* Recorded data:
= = = =
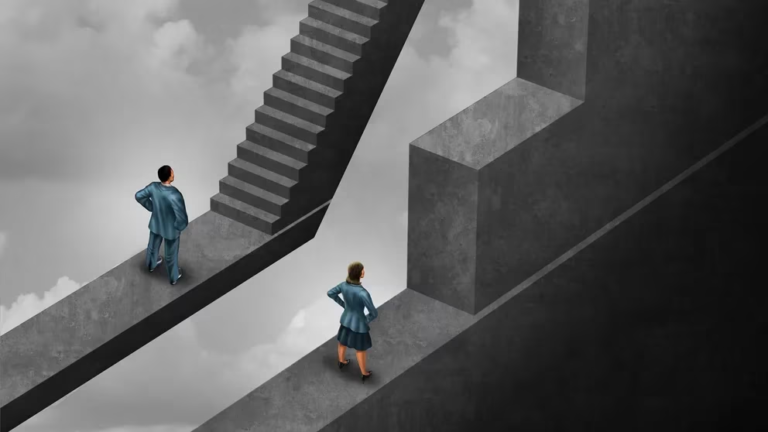 LA DIFERENCIA SALARIAL ENTRE HOMBRES Y MUJERES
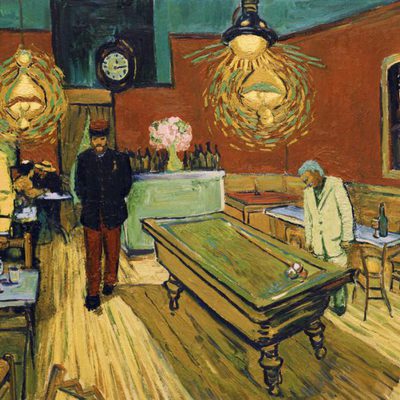 Cartas De Van Gogh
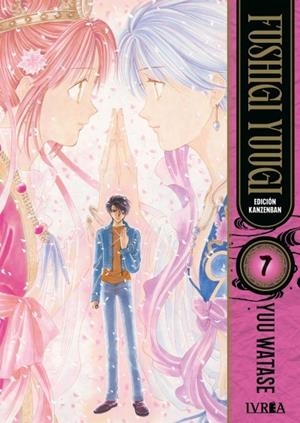FUSHIGI YUUGI EDICION KANZENBAN 07 | 9791387691912 | YUU WATASE | Tienda de Cómics, Manga, Magic y Pokémon en Torrejón de Ardoz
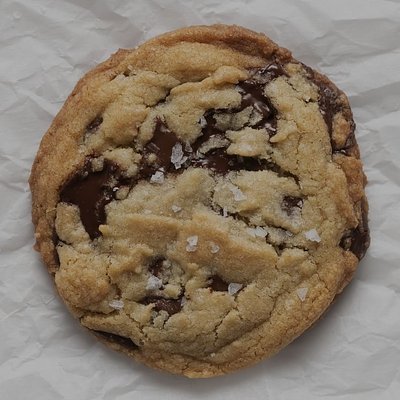 Chocolate Chip Cookies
= = = =
* To do:
Retype the whole listing word for word. Skip the pictures.

* Exercise answer:
 LA DIFERENCIA SALARIAL ENTRE HOMBRES Y MUJERES
 Cartas De Van Gogh
FUSHIGI YUUGI EDICION KANZENBAN 07 | 9791387691912 | YUU WATASE | Tienda de Cómics, Manga, Magic y Pokémon en Torrejón de Ardoz
 Chocolate Chip Cookies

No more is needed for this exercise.